Toshiba first started to make a fuss about its super high-end, next-generation Cell TV at CES 2009, and since then it's actually gone on sale in Japan. Because it's such a revelation in television hardware, when it comes to the UK it will probably have a very different spec to the Japanese version. But it's too important a product not to look at in more depth, so that's precisely what we've done.
The headline feature of the Japanese Cell TV is its fantastic recording capacity. Fitted with 3TB of storage and eight HD tuners, it's designed to record every one of Japan's eight free HD channels, day and night, for a week.
That means you don't have to plan what to record, because Cell will have done it for you. What's more, because digital TV has comprehensive metadata that describes the content, it can present similar shows you might also enjoy. If you select, say, this week's episode of Lost, it would also give you the option to watch this week's episodes of Fringe, FlashForward and V.
Cell TV is powered by an incredibly fast processor -- the name comes from the chip, which gamers will recognise from the PS3 -- so it can also perform picture processing that isn't possible on normal TVs. Toshiba claims, for example, that it can turn 2D TV shows into 3D on the fly.

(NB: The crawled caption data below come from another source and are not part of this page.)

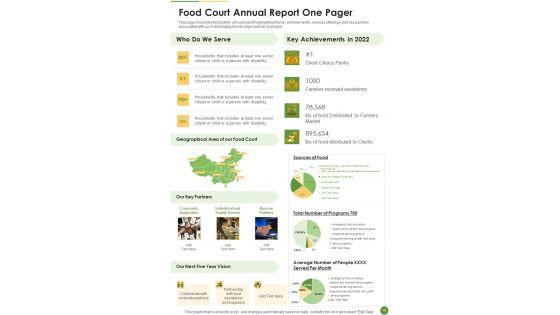Food_Court_Annual_Statement_Template_One_Pager_Documents_Slide_19.jpg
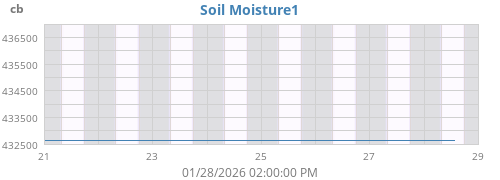 weekmoistsoil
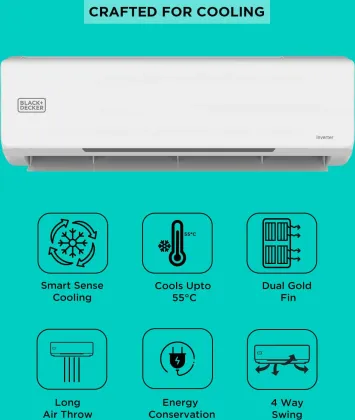 Black & Decker BXACN2515IN 1.5 Ton 5 Star 2024 Inverter Split AC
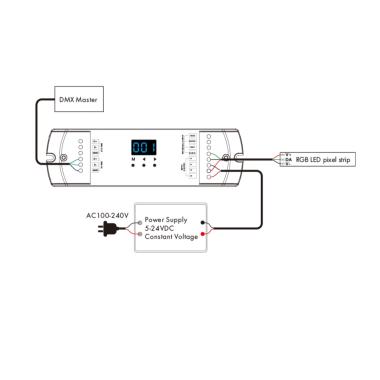 Prodotto da Controller Digitale SPI per DMX512 & RDM con RF 5-24 V DC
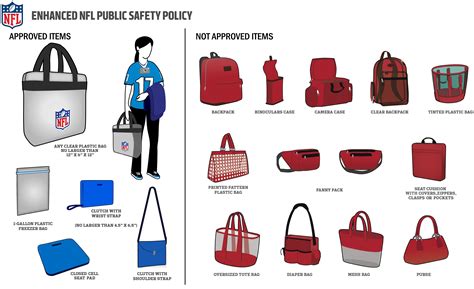 Clear Bag Policy Carolina Panthers
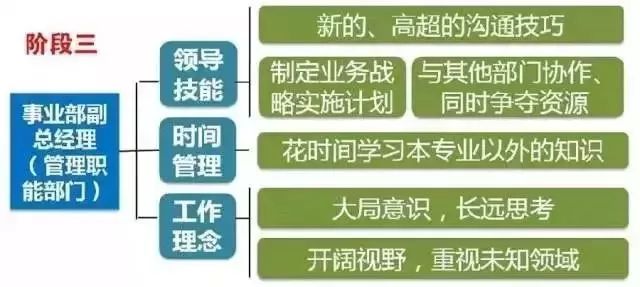 拉姆·查蘭：出任CEO前，你需要經(jīng)歷6次質(zhì)變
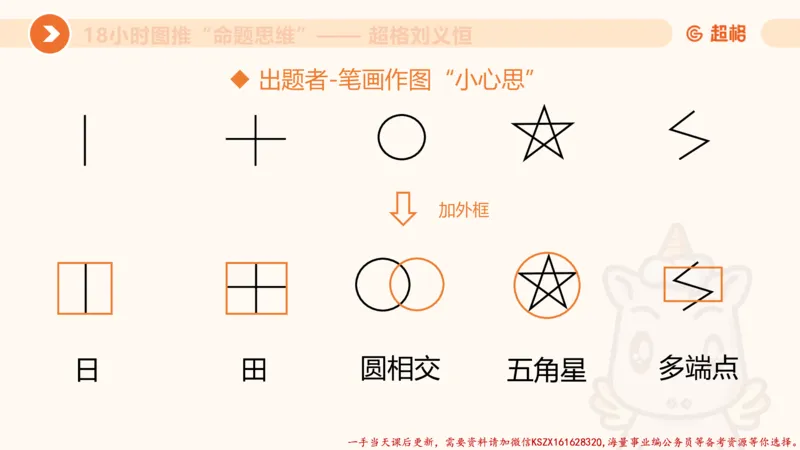 17.18小时图推命题思维-刘义恒_2026考公资料_（05）超格_行测申论2025超格合集(行测&申论&政治理论)_判断2025超格判断推理全家桶狂刷1000题_01.专项基础理论课阶段_课件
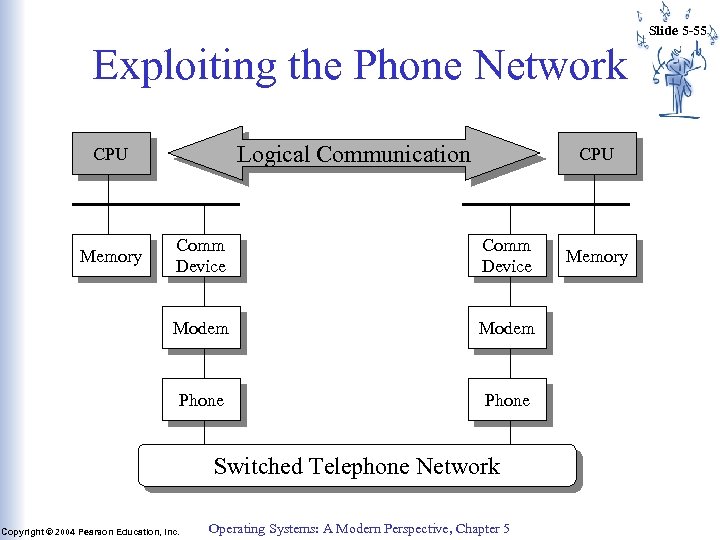 Slide 5 -55 Exploiting the Phone Network Logical Communication CPU Comm Device Modem Phone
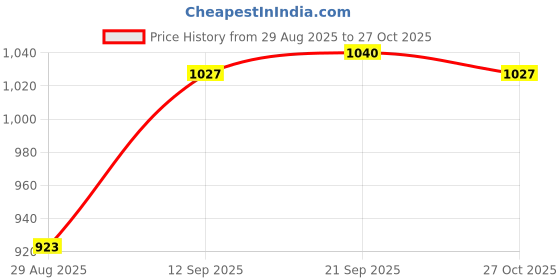 firstcry.com Babyhug Knitted Full Sleeves Front Open Hooded Sweater With Cable Knit Design - Blue babyhug Price History Graph from 29 Aug 2025 to 27 Oct 2025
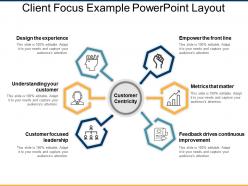 Client focus example powerpoint layout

Picture quality is also top-notch -- with a native resolution of 3,840x2,160 pixels, it will be ready for the next generation of HD years before it arrives. Cell upscales 1080p video to fit this high-resolution screen, as you'd expect. The LED backlight is also a step up from traditional models. Cell has 512 dimmable LED zones, which means that you should get the best black levels imaginable and vibrant, stunning colour.
So what's the catch? Predictably, it's the price, which at the equivalent of £10,000 isn't likely to have the Cell TV flying off the shelves. Toshiba tells us it's assessing the British market to work out what features we need most, and what we're likely to pay for. Would you spend £10,000 on a TV? Let us know if you would -- we'd like you to add us to your will.
The Cell processing unit has a plethora of tricks up its sleeve, such as turning 2D into 3D, but it also does normal things like Dolby Volume, which ensures that the TV volume is consistent across all channels and that adverts don't blast you with noise.